Working set should be sized to fit into RAM or WiredTiger internal cache?

As per this doc, it is mentioned that we should ensure the working set fits into the RAM.

Also, as per this doc, wiredTiger uses 50% of the RAM and the rest is utilized by the filesystem cache & other MongoDB processes.

My concern is, should we ensure that the RAM is sized such that the working set fits into the WiredTiger cache (50% of the RAM) or into memory (100% of RAM)?

I see that the wiredtiger cache holds data in uncompressed form, whereas the filesystem cache holds the data in the same form as on disk & only advantage being avoiding more expensive disk reads.
So, should we ensure the working set fits into WiredTiger cache for best performance??

For example, lets say we have 100GB (indexes) + 10 GB (working set), should we size the RAM to be ~120 GB or 240 GB??

Hi @Mohan_97489 and welcome to the MongoDB Community :muscle: !

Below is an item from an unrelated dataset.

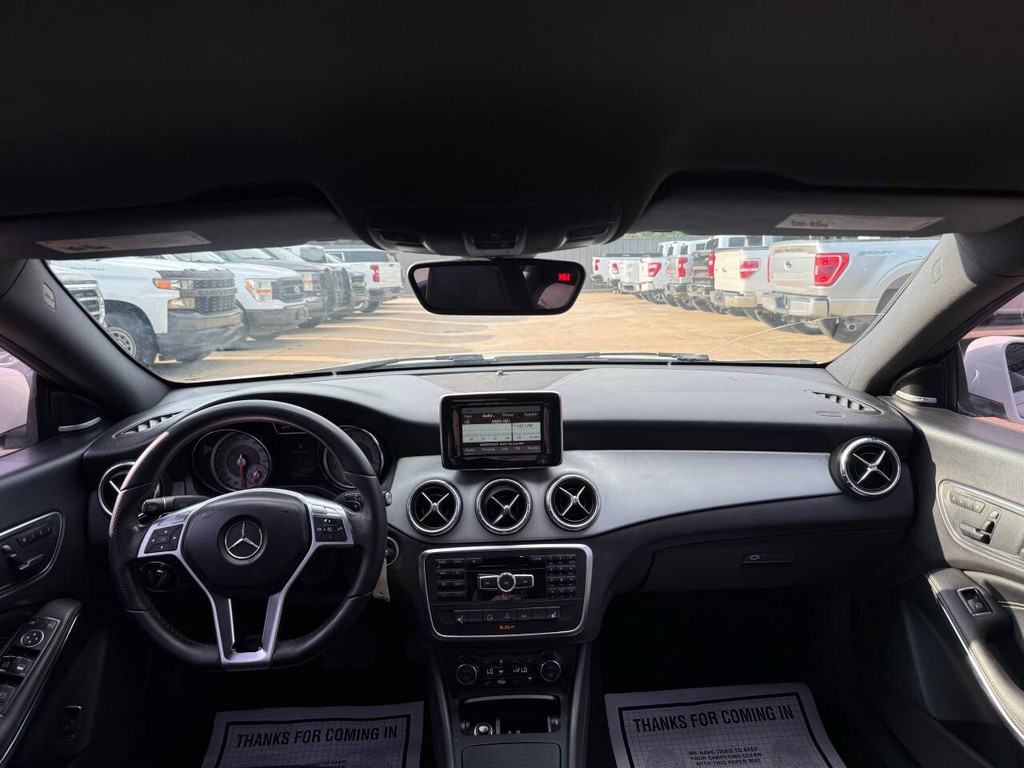Mercedes-Benz CLA-Class Vehicle Full-screen Gallery Image 17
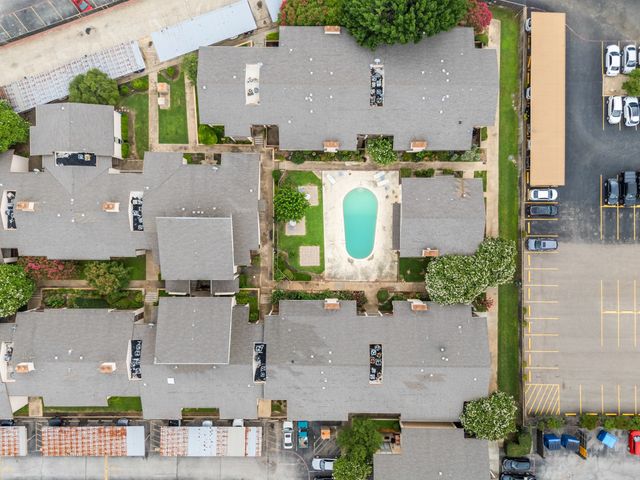12824 Midway Road 2136, Dallas, TX 75244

So sorry nobody came back to you earlier! :frowning_face:

Your question is a bit technical so I’ll try to make it simple. MongoDB needs enough RAM for indexes + working set + queries + Operating System.

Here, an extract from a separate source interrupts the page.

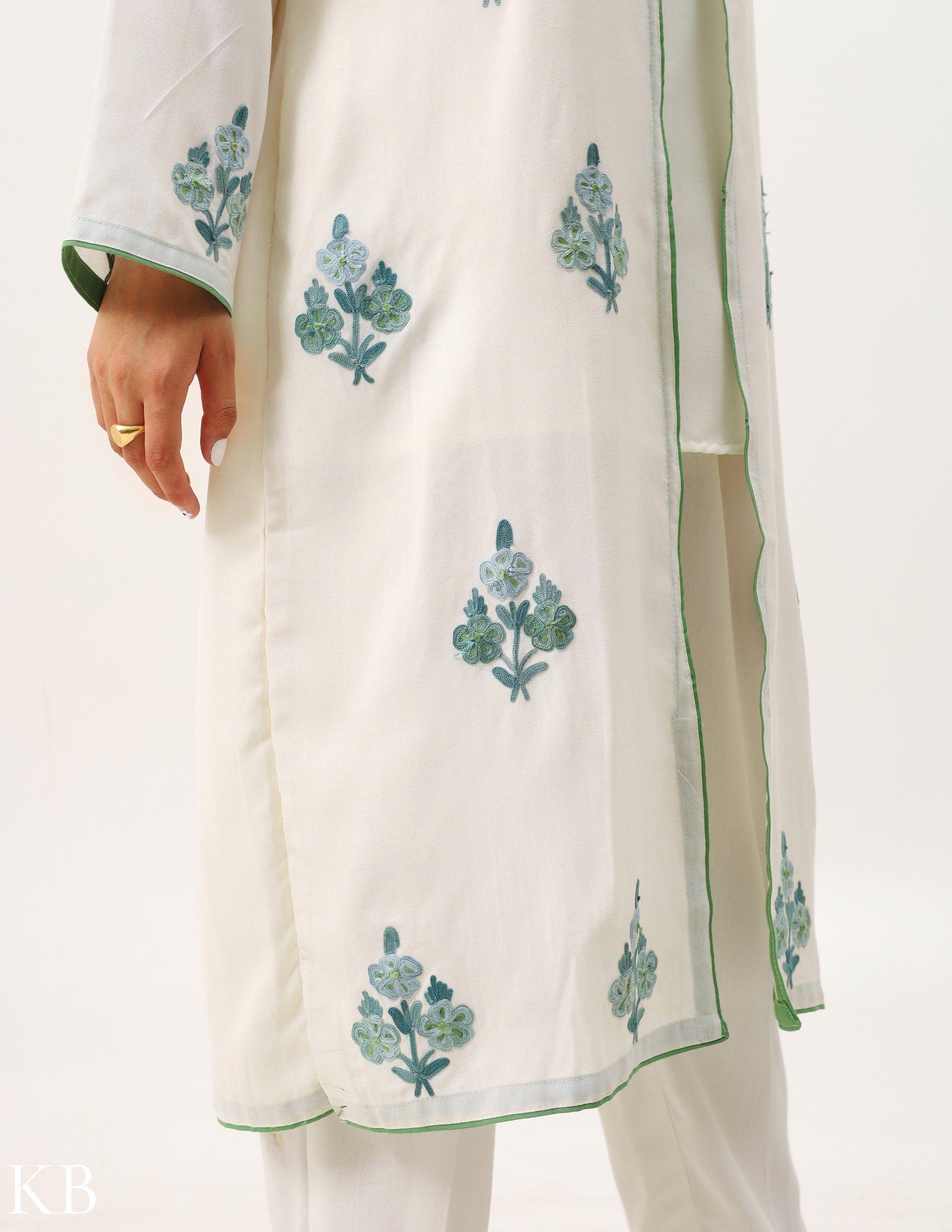 Creamy White Embroidered Jacket Co-ord Set - Kashmir Box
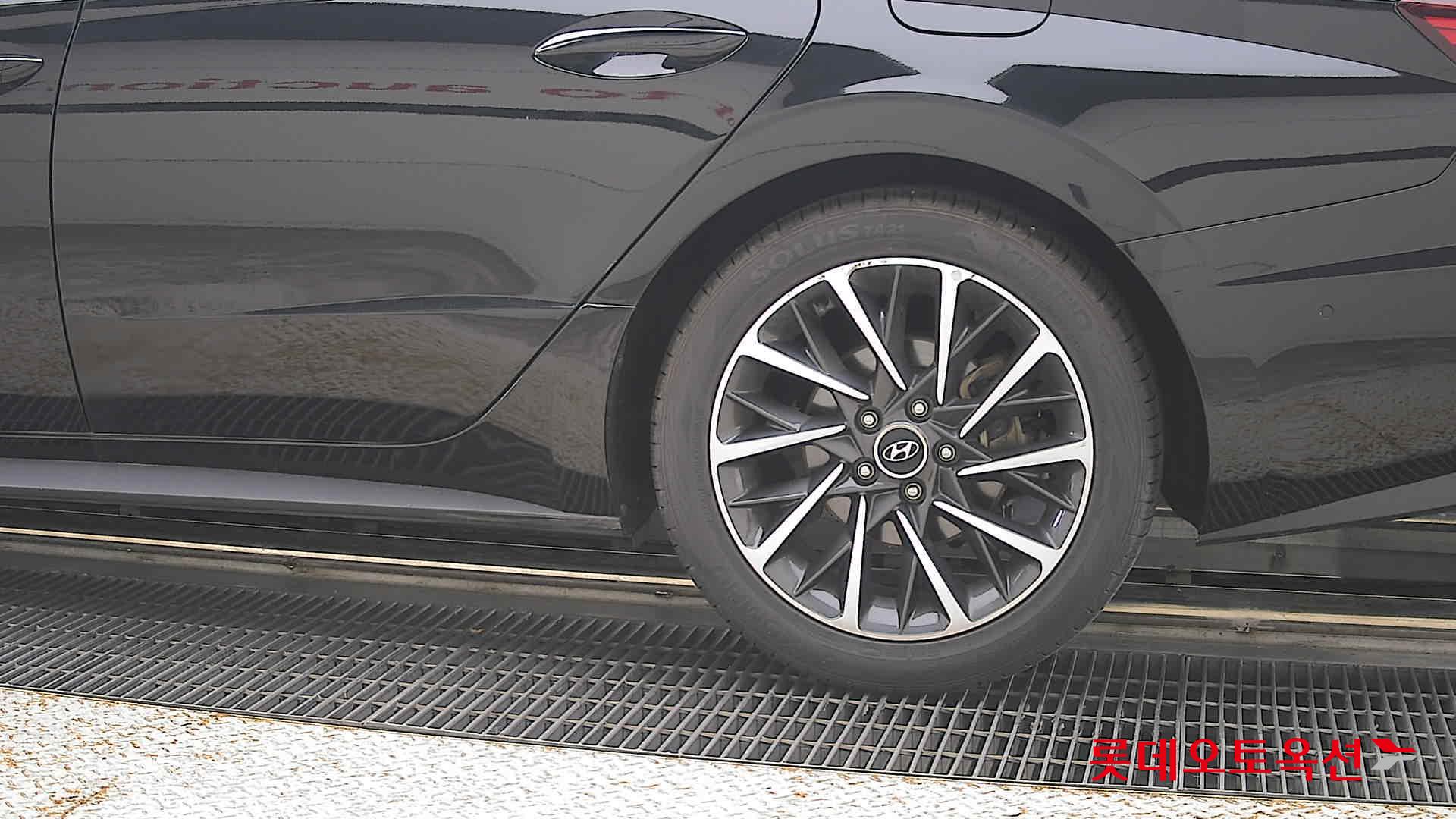 2021 - hyundai sonata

Usually we recommend to have somewhere between 15 to 20% of the total data size as RAM. You can take inspiration from the MongoDB Atlas Cluster Tiers that respect this rule of thumb more or less.

Of course this isn’t valid for ALL the use cases but it’s a general direction.

So to answer your question, 100 GB of indexes + 10 GB of working set sounds a bit unbalanced to me (but it’s possible!). You could be either underestimating the working or you could have useless indexes (or too large, not optimised, etc).
With this amount of indexes, I would evaluate your data set to at least 1TB so I would aim for 200GB of RAM at least. That’s about an M140 or M200 in Atlas.